2. Rénover la formation des cadres de l'éducation nationale

La formation des personnels de direction et d'inspection demeure dans l'angle mort de la réforme. Il n'existe que très peu de ressources documentaires ou de rapports sur la question, surtout en comparaison de l'intensité et de l'ampleur des réflexions qu'a suscitées la refonte de la formation des enseignants.

Pourtant, comme l'ont montré les difficultés d'application des lois d'orientation de 1989 et de 2005, les échelons administratifs locaux sont essentiels pour assurer le succès d'une réforme et prolonger l'impulsion initiale. C'est pourquoi il convient de consacrer les missions des inspecteurs pédagogiques régionaux (IA-IPR) et des inspecteurs de l'éducation nationale (IEN) dans la loi. En outre, il faut renforcer leur formation ainsi que celle des chefs d'établissement .

Votre commission a oeuvré en ce sens en adoptant des articles additionnels pour que leur formation leur permette de remplir l'ensemble des missions qui leur ont été fixées par le code de l'éducation.

Elle a demandé que le Gouvernement procède à une réforme profonde de l'école supérieure de l'éducation nationale (ESEN) qui ne donne pas satisfaction et dont l'articulation avec les services académiques de formation est déficiente.

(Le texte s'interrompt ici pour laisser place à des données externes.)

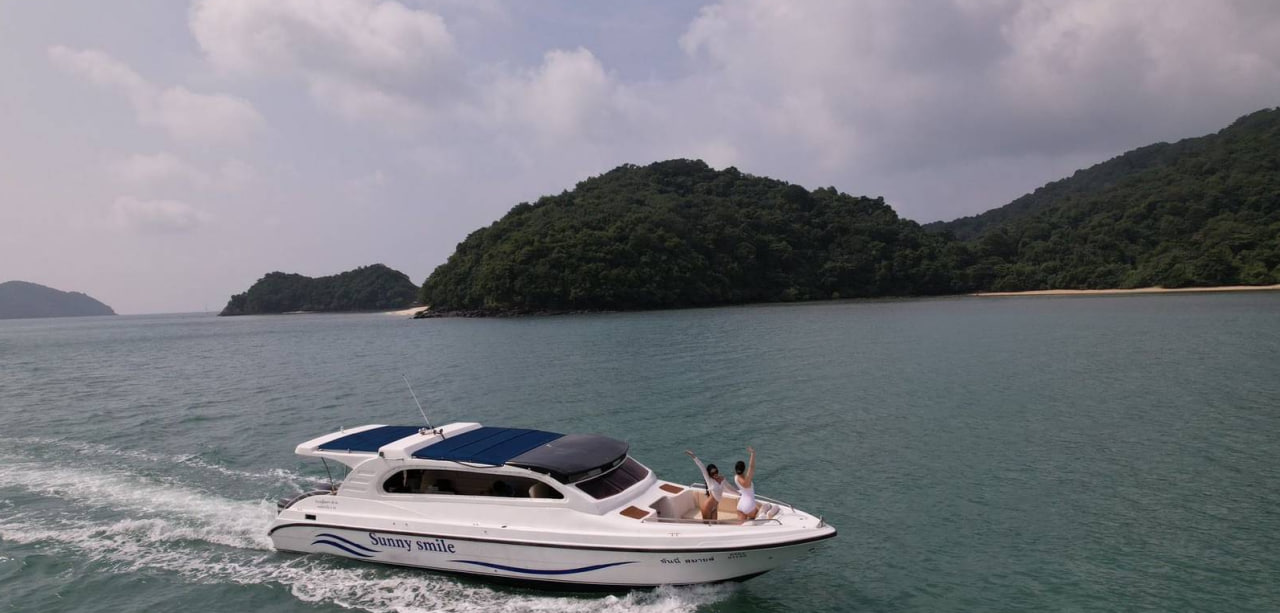 Sunny Smile 38ft luxury yacht charter in Phuket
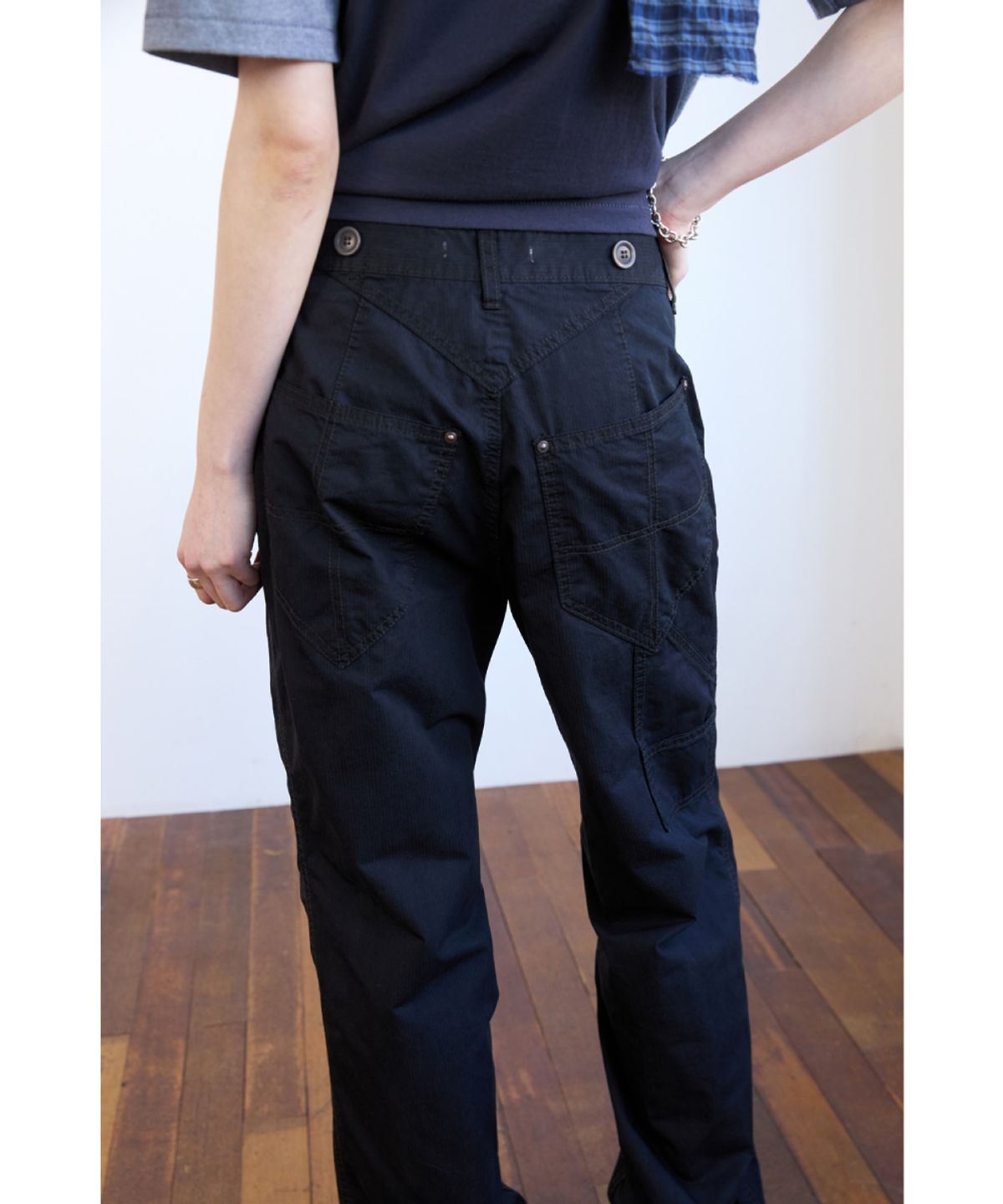 해칭룸(HATCHINGROOM) Shield Pants Herringbone Stripe Dyed Black
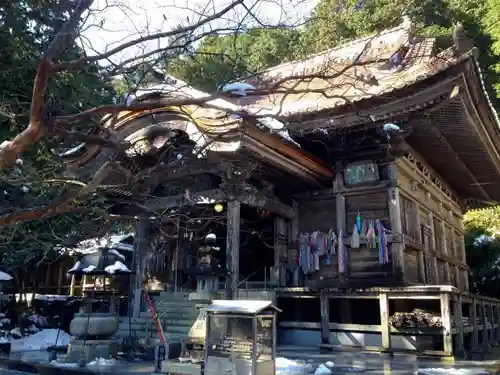 明石寺の本殿・本堂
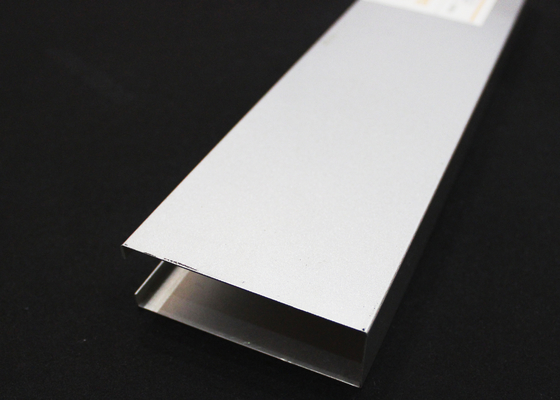 custom made U-aluminium Profil Layar Langit-langit / Langit-langit Dekoratif Ubin 0.7mm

Une attention toute particulière devra être portée à l'apprentissage de la gestion des relations avec les collectivités territoriales , qui s'impliquent toujours plus dans le domaine éducatif.


* 20 Loi n° 2007-1199 du 10 août 2007 relative aux libertés et responsabilités des universités, dite loi « LRU ».

* 21 Enregistré à la présidence de l'Assemblée nationale le 20 mars 2013.